◆ Task input
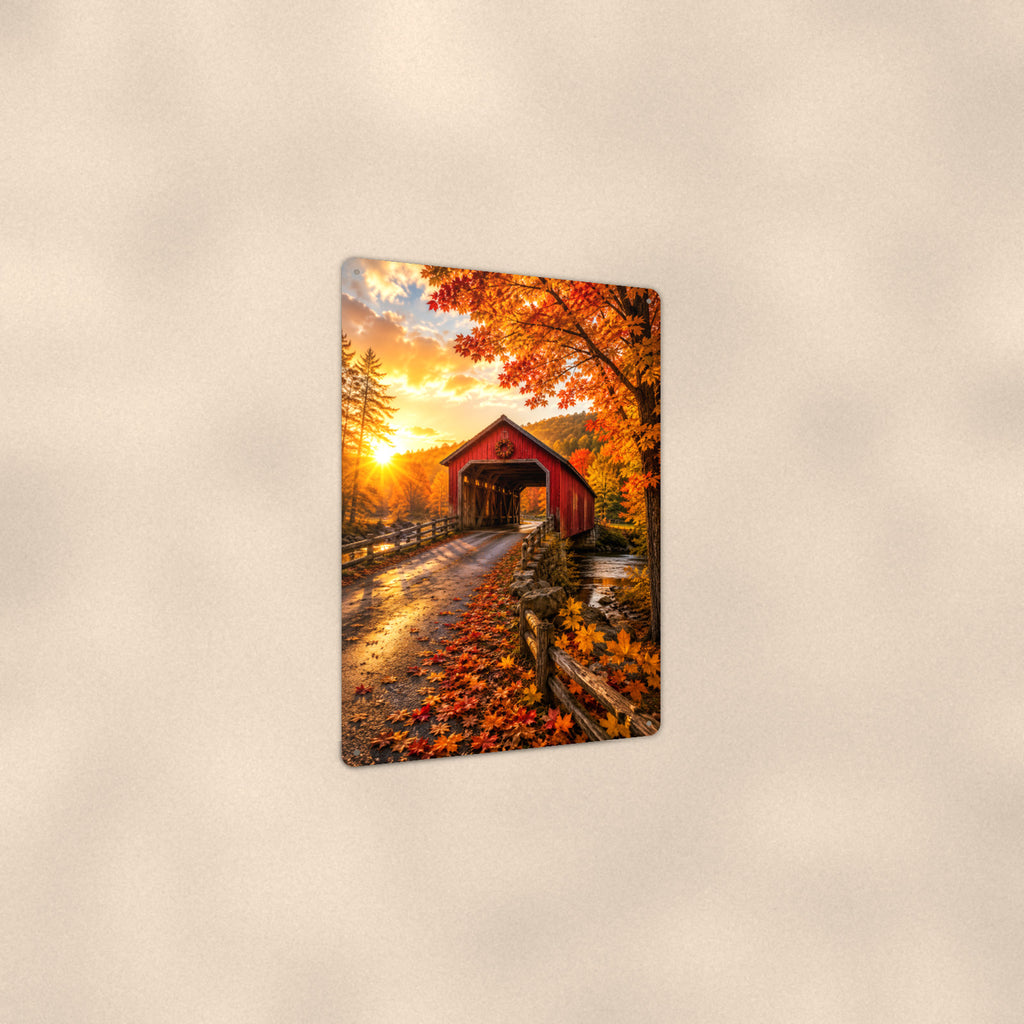 Covered Bridge Sunset Lane aluminum metal sign 8" x 12" - angled view showing glossy finish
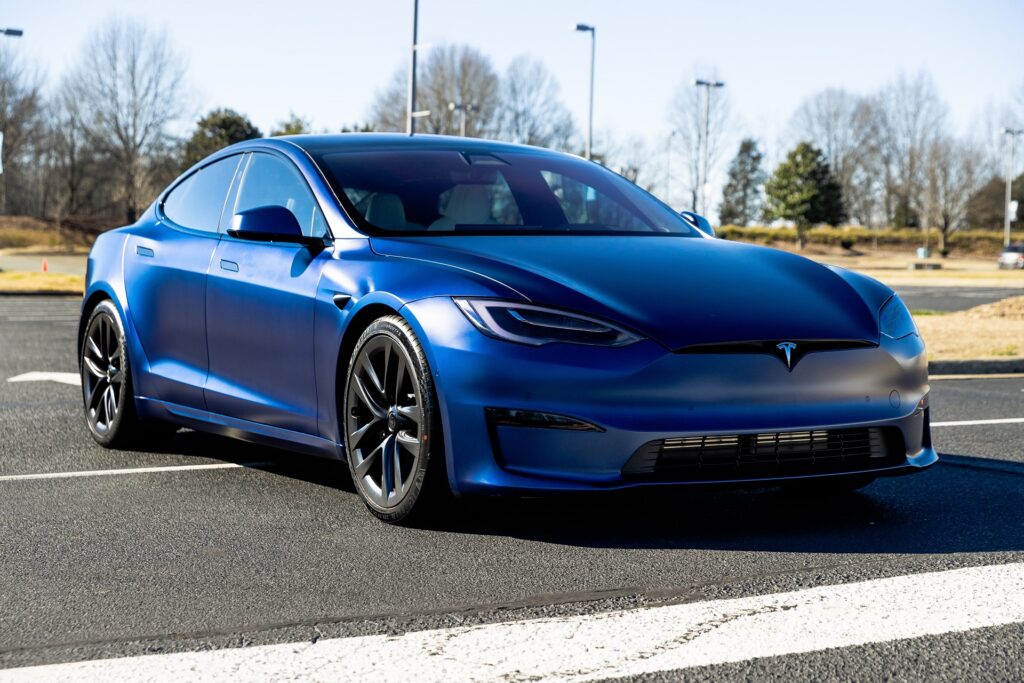 Blue Tesla with windows tinted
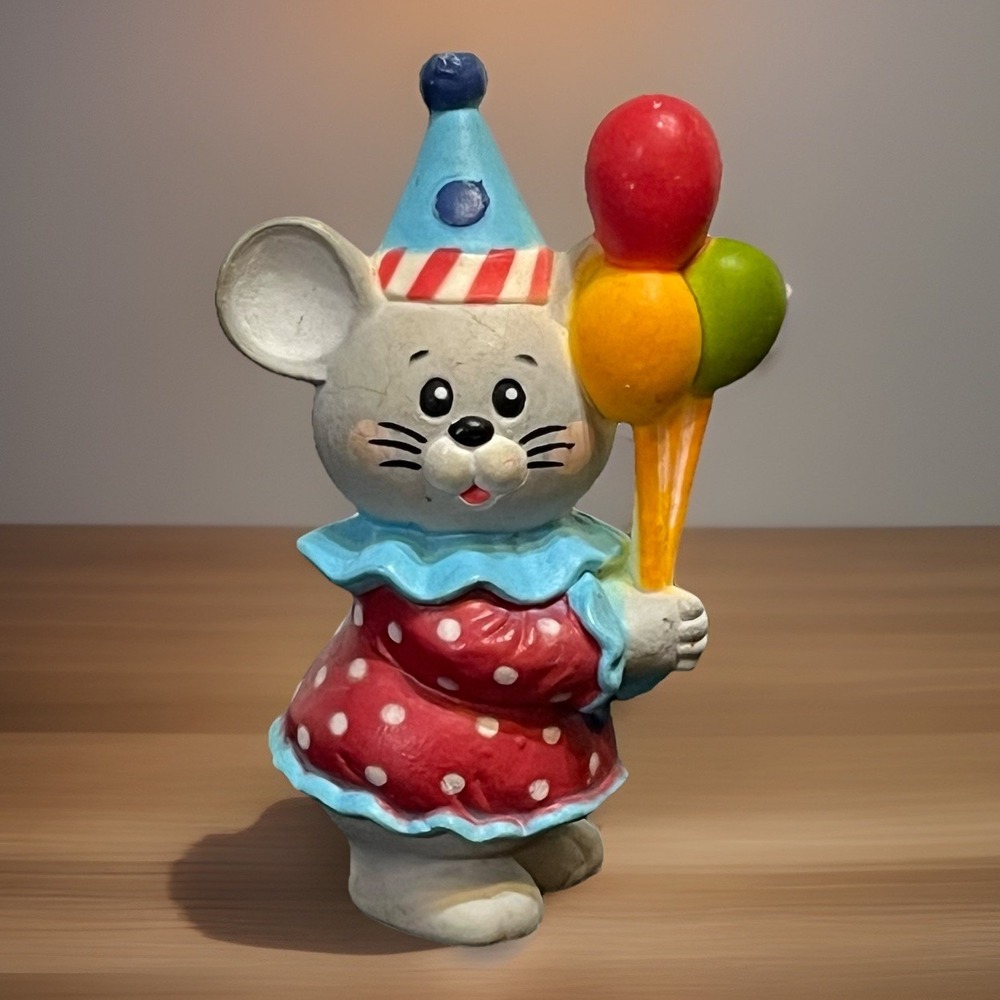 Enesco 1984 Clown Mouse Balloons Figurine Cake Topper Birthday Party Hong Kong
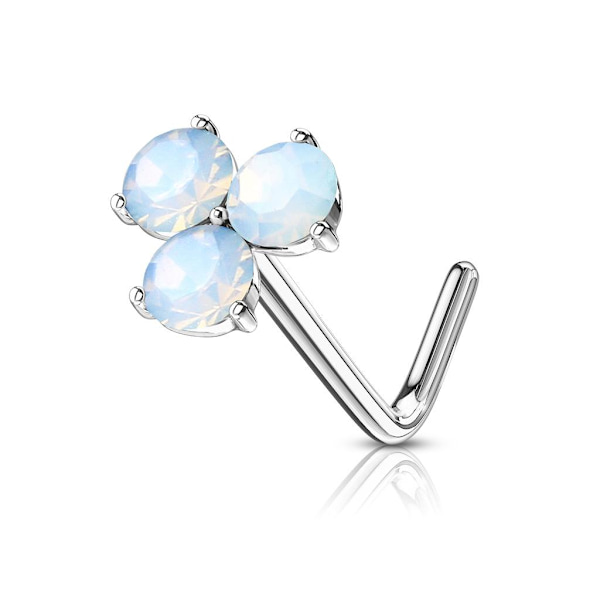 1 St. L-formad Näspiercing i 316L Kirurgiskt stål med 3 Stenar 4 Platina/Vit Opal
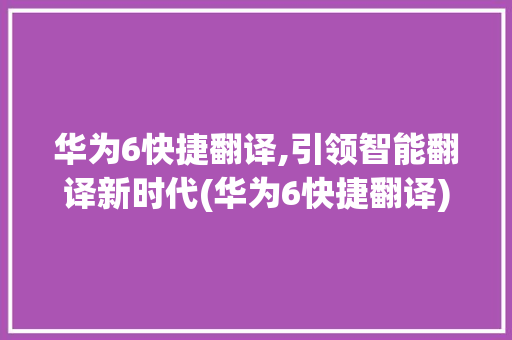 华为6快捷翻译,引领智能翻译新时代(华为6快捷翻译) 手机电脑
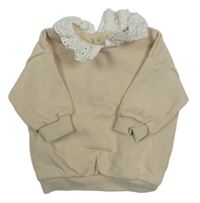 Svetlobéžová oversize mikina s bielým golierikom s madeirou F&F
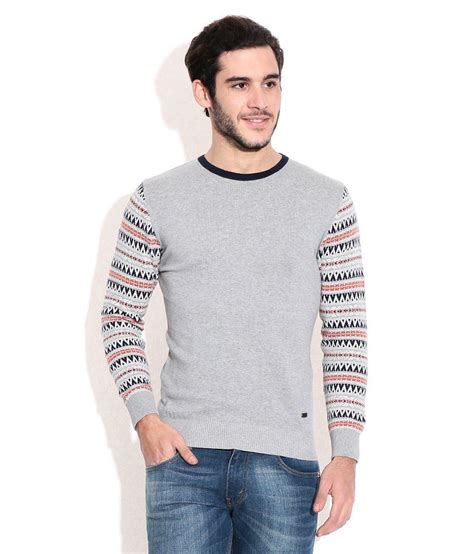 United Colors Of Benetton Gray Cotton Round Neck Sweater Buy United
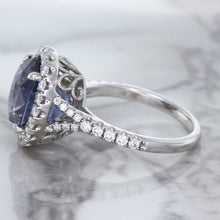 Load image into Gallery viewer, 7.86ct Oval Blue Sapphirewith diamond halo in 18K White Gold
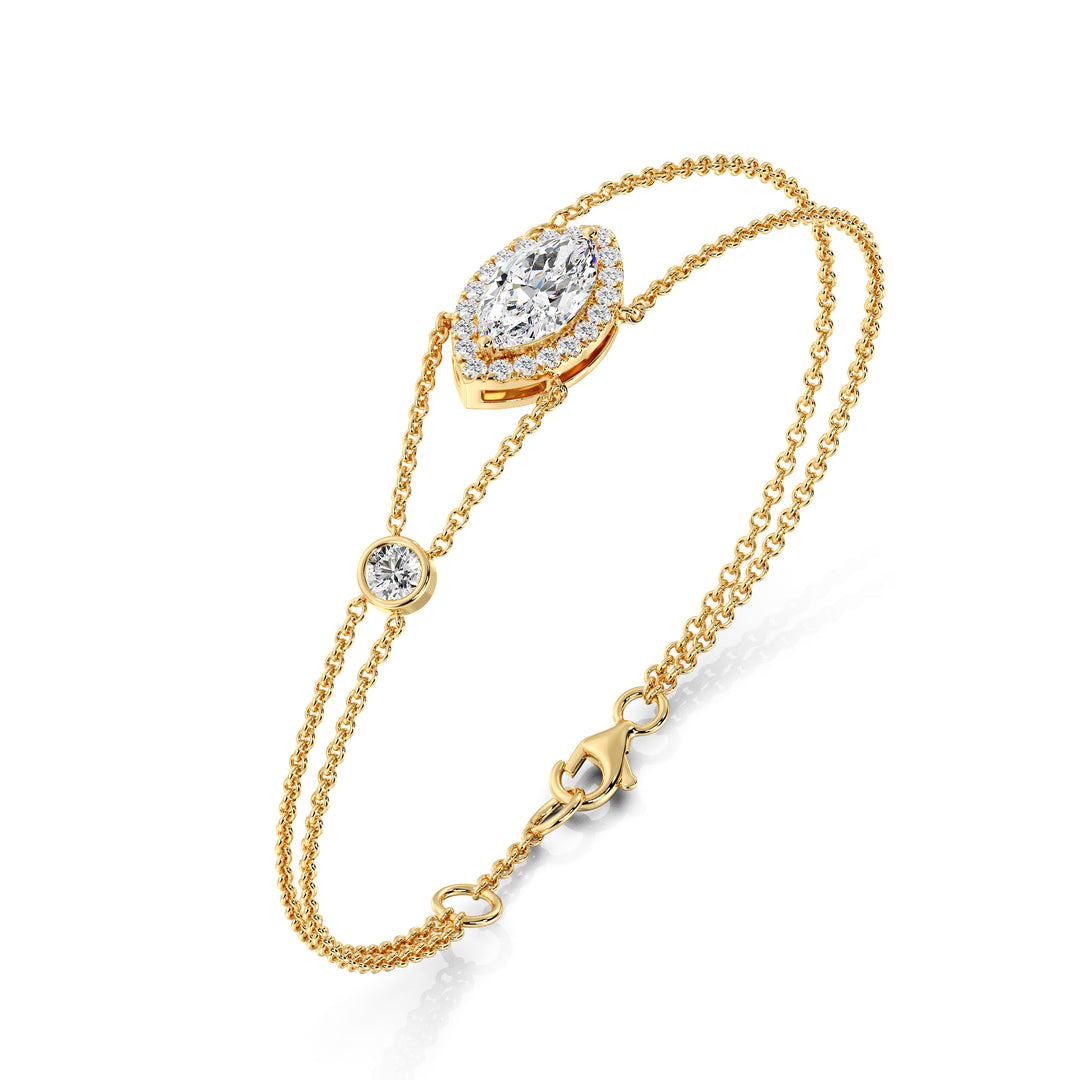 Halo-Set Marquise-Cut Diamond Solid Gold Chain Bracelet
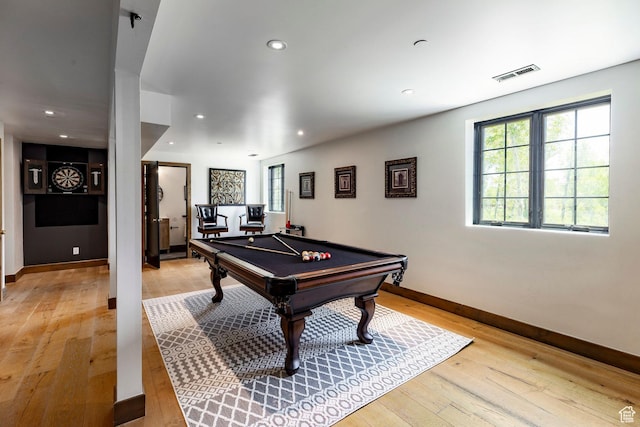1766 W Arapaho Dr, Wanship, UT 84017 - playroom featuring light wood-type flooring, billiards, and recessed lighting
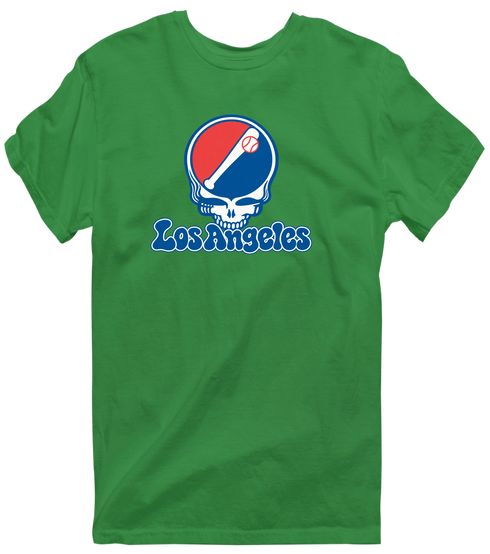 Los Angeles Baseball Stealie Grateful Dead T-Shirt — Los Angeles Dodgers — Irish Green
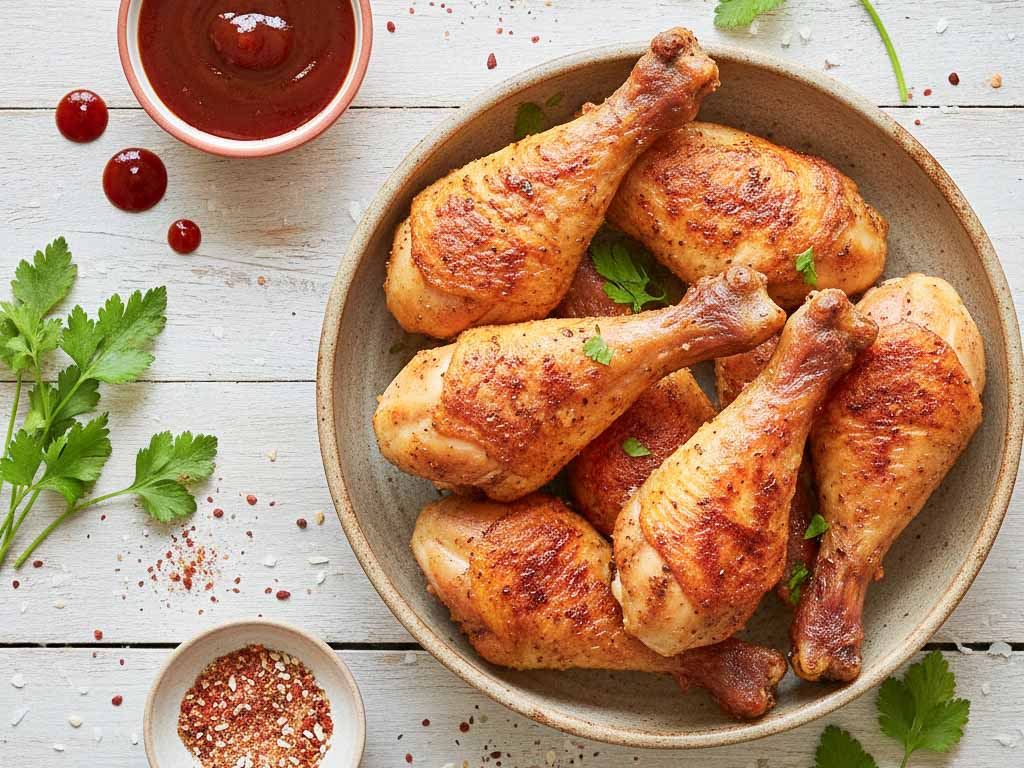 Knusprige Hähnchenschenkel aus dem Airfryer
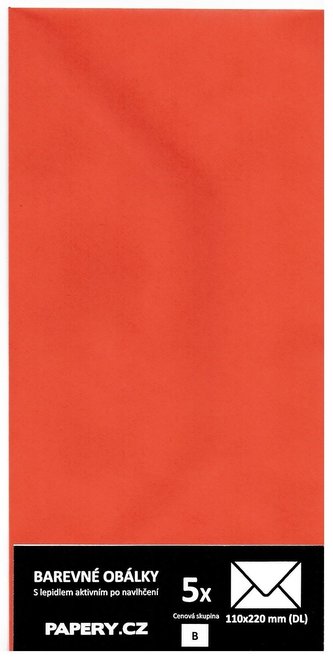 barevná obálka 110x220 ORANŽOVÁ, 5 kusů, 100 gm2, olizová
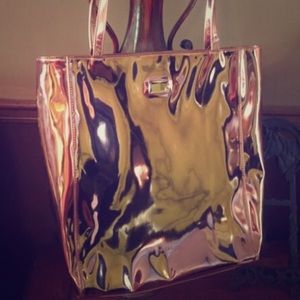 rose gold TED BAKER shopper tote bag shiny metalic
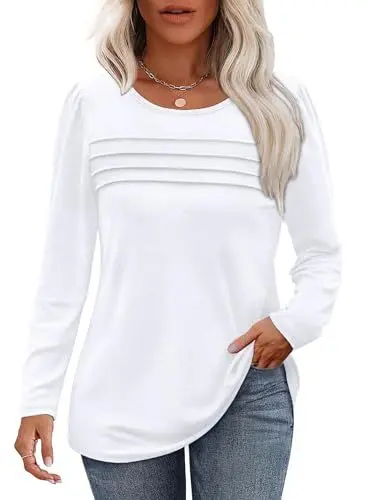 Produktbild: Cuptacc Langarmshirt Damen Weiss Puffärmel Mit Knöpfen Rundhals Tshirt Damen Baumwolle Falten Oberteile Herbst Weiß XL 46-48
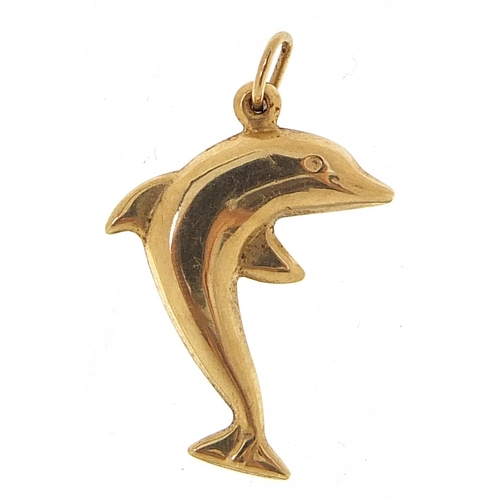 2006 - 9ct gold dolphin charm, 2cm high, 0.4g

◆ What is required
Write the records out exactly once more, leaving off the pictures.

◆ Solution for this problem
 Covered Bridge Sunset Lane aluminum metal sign 8" x 12" - angled view showing glossy finish
 Blue Tesla with windows tinted
 Enesco 1984 Clown Mouse Balloons Figurine Cake Topper Birthday Party Hong Kong
 1 St. L-formad Näspiercing i 316L Kirurgiskt stål med 3 Stenar 4 Platina/Vit Opal
 华为6快捷翻译,引领智能翻译新时代(华为6快捷翻译) 手机电脑
 Svetlobéžová oversize mikina s bielým golierikom s madeirou F&F
 United Colors Of Benetton Gray Cotton Round Neck Sweater Buy United
 Load image into Gallery viewer, 7.86ct Oval Blue Sapphirewith diamond halo in 18K White Gold
 Halo-Set Marquise-Cut Diamond Solid Gold Chain Bracelet
1766 W Arapaho Dr, Wanship, UT 84017 - playroom featuring light wood-type flooring, billiards, and recessed lighting
 Los Angeles Baseball Stealie Grateful Dead T-Shirt — Los Angeles Dodgers — Irish Green
 Knusprige Hähnchenschenkel aus dem Airfryer
 barevná obálka 110x220 ORANŽOVÁ, 5 kusů, 100 gm2, olizová
 rose gold TED BAKER shopper tote bag shiny metalic
 Produktbild: Cuptacc Langarmshirt Damen Weiss Puffärmel Mit Knöpfen Rundhals Tshirt Damen Baumwolle Falten Oberteile Herbst Weiß XL 46-48
 2006 - 9ct gold dolphin charm, 2cm high, 0.4g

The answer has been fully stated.